• Welcome to PlanetSquires Forums.
 
Main Menu

RTF

Started by SeaVipe, August 05, 2022, 06:13:47 PM

Previous topic - Next topic

SeaVipe

Hi all,
I'm trying to display just the text from RTF text by stripping out the RTF code. I've managed to remove about half the RTF but I get the feeling I'm trying to reinvent the wheel.
The RTF is displayed in a ListView so it has to be raw text.
If anyone has any suggestions please let me know...

Thanks.
Clive Richey

Paul Squires

I did a little google'ing and a simple approach that some people use is to have a hidden rich edit control and use that control to set and retrieve the text thereby avoiding having to deal with the embedded RTF codes. Basically, allow the RTF control to act as the converter for your strings.
Paul Squires
PlanetSquires Software
WinFBE Editor and Visual Designer

SeaVipe

Thanks, Paul,
Yes, I saw that too. My concern would be speed. The ListView displays about 20(ish) words from a BLOB field I call "comments" - which is in RTF format. The ListView Mouse_Move event builds a ToolTip based on the Row/Col cell content. The content was plain text but now that I'm delving into SQLite that content is RTF, which both the ListView and the tooltip display as text including the underlying RTF code.

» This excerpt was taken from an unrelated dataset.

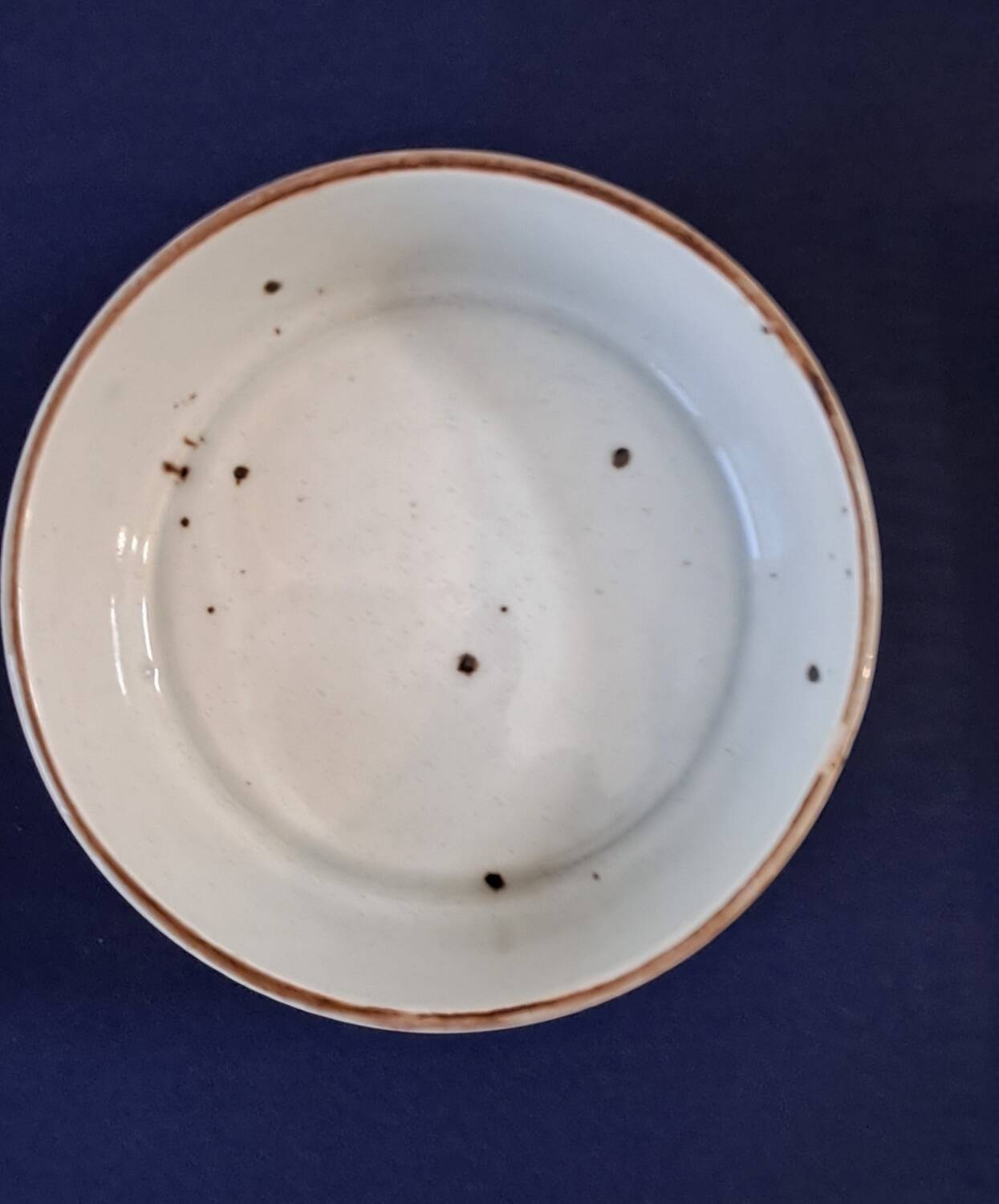 Set of 3 bowls in the Éclat model from Sarreguemines. 1960s.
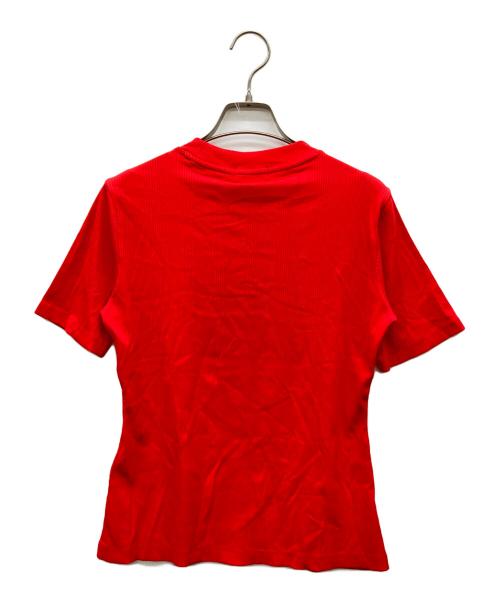 G/FORE（ジーフォア）G/FORE (ジーフォア) ラウンドネックTシャツ レッド サイズ:Mの古着・服飾アイテム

Over the years I've used RTF to create various reports and other such documents, which has given me a fundamental grasp of RTF. In its current state, my RTF stripper algorithm is doing just the basics like removing "\pard", "\tab",  etc. as well as the actual RTF header up to the start of the body text. I've tried a variety of techniques and have settled on Mid() but so far all I've been able to do is return a text string from an RTF string that is full of blank spaces where the RTF code was. Once I figure out how to remove the blank spaces, it may actually Work.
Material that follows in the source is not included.